When James Shinn was working for the CIA as a senior East Asia expert more than a decade ago, he longed for the tools of a weatherman. He wanted to be able to predict that the chance of North Korea test-firing a missile within a month was, say, 60 percent. It remained a fantasy, he says, until now.
Shinn and his 14-person team at Predata have developed software that numerically describes political volatility and risk. It vacuums up vast quantities of data from online conversations and comments, compares them with past patterns, and spits out a probability. (A version of Predata’s service is accessible on the Bloomberg Professional service.) Shinn likens his product to sabermetrics, the statistics-driven baseball strategy popularized in Michael Lewis’s Moneyball. “By carefully gathering lots and lots of statistics on their past performance from all corners of the Internet, we are predicting how a large number of players on a team will bat or pitch in the future,” Shinn says, by way of analogy.
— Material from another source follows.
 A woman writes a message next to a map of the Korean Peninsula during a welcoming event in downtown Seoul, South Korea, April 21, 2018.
Predata doesn’t replace human analysts so much as offer them a new tool. Without people choosing what to follow, metadata scraping has limited use. Moreover, Shinn argues, while risk-analysis companies are increasingly offering clients numerical percentages, the data are often pulled from the air. “This is a machine-driven, carefully calculated risk index,” says Shinn, the company’s founder and chief executive officer. “There is no arbitrary scoring by a human analyst.”
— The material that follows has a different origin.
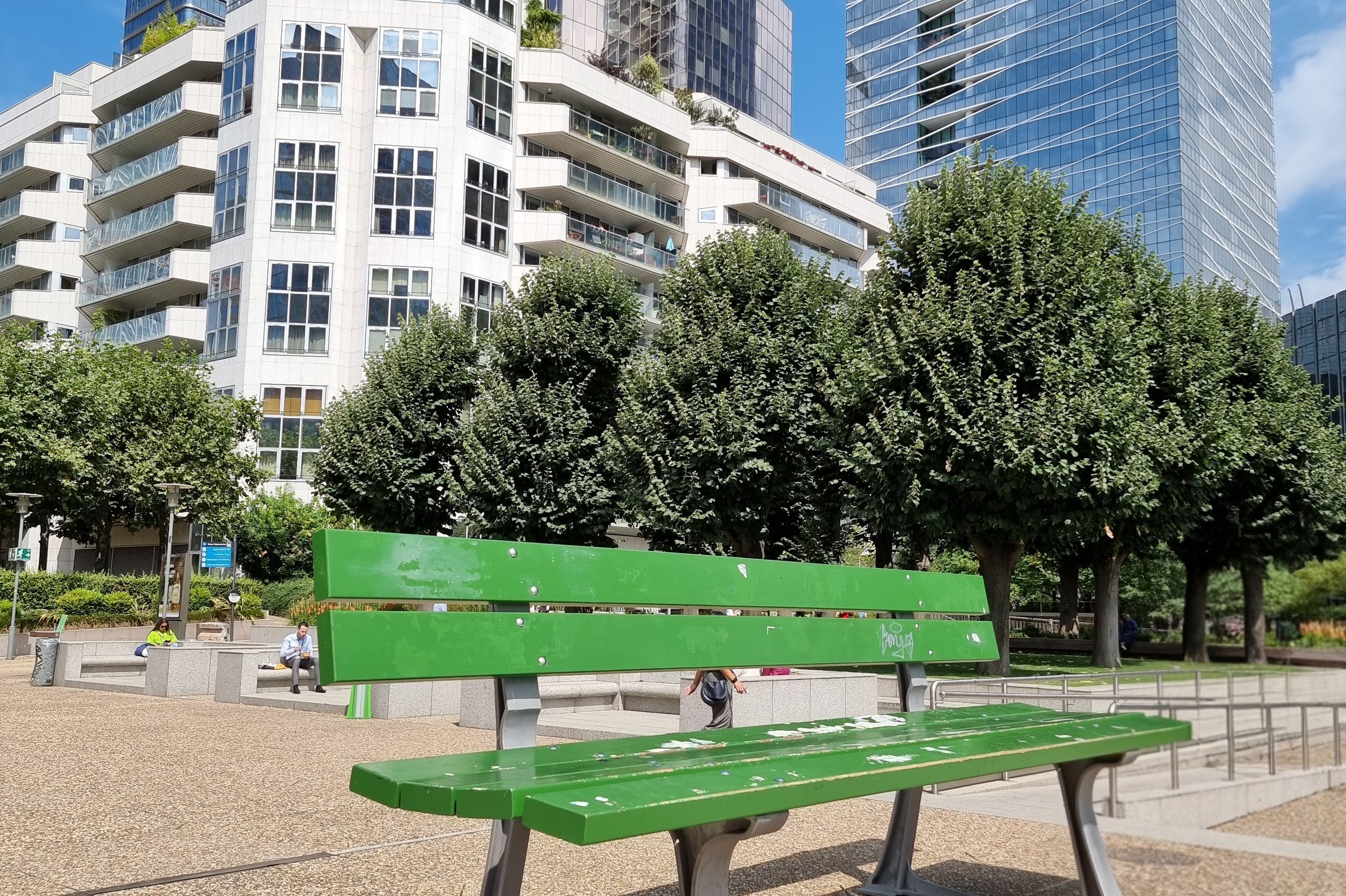 Banc vert dans un parc parisien contemporain bordé d’immeubles récents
Each day, Predata monitors about 1,000 Twitter feeds, 10,000 Wikipedia pages, 50,000 YouTube videos, and several dozen newspapers and magazines in some 200 countries. It covers 300 topics, including news about individual companies, the debate over the U.K. leaving the European Union, and interest rate decisions by central banks.
Historical data is paramount. For instance, Predata didn’t make a statistically useful prediction for the March 22 attacks in Brussels, in part because Belgium had experienced few such incidents. The software needs at least five previous events to find a correlation between digital conversations and an act of terrorism, according to Shinn. France, on the other hand, had witnessed 13 incidents prior to the Paris attacks on Nov. 13; the company says that its model indicated the likelihood of an event being at least 61 percent a month in advance. Similarly, on Dec. 27, Predata says it calculated a 68 percent chance that North Korea would engage in some activity regarding weapons of mass destruction within 45 days. Almost two weeks later, on Jan. 6, the Kim Jong Un regime conducted the nation’s fourth nuclear test.
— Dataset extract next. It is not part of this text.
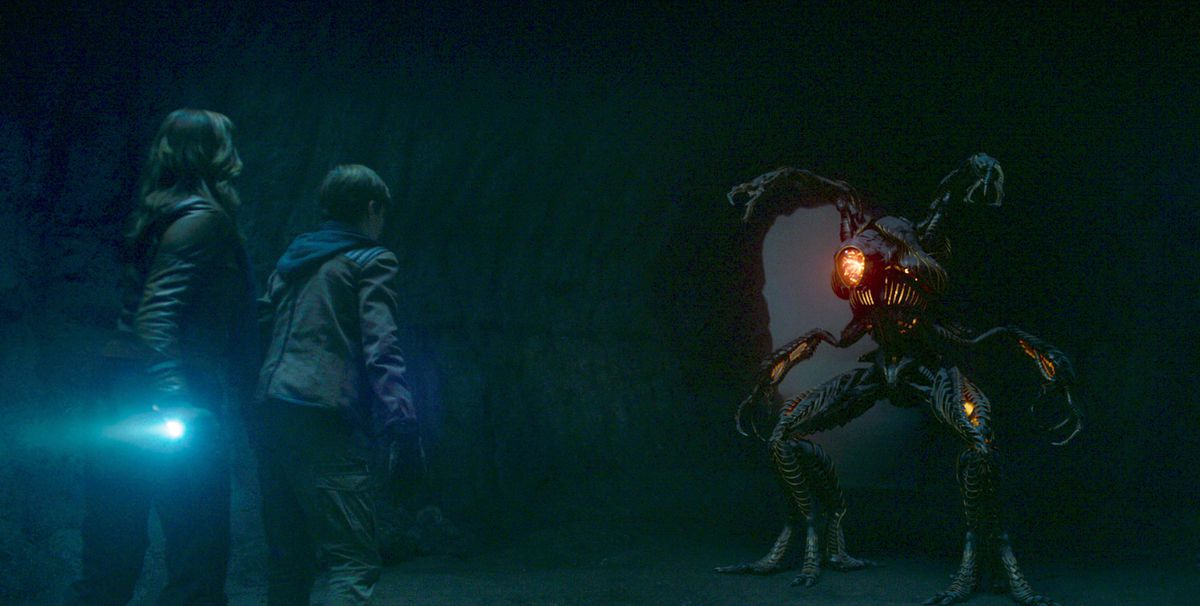 Two of the children of Lost in Space confronting an alien in a cave in a still from the show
Shinn, who served as an assistant secretary for East Asia at the U.S. Department of Defense after his CIA stint, began developing the technology in 2014 while teaching at his alma mater, Princeton, and serving on the advisory board of Kensho Technologies, an analytics software developer for investment management. Kensho’s CEO, Daniel Nadler, and Shinn experimented in their free time with a crude prototype that monitored online conversations among labor unions in South Africa, thinking the data offered a handle on the country’s volatility. They found that back-and-forth argumentation in English and Afrikaans on sites as public as the Wikipedia pages of the unions spiked before mining strikes, after which gold and platinum prices surged.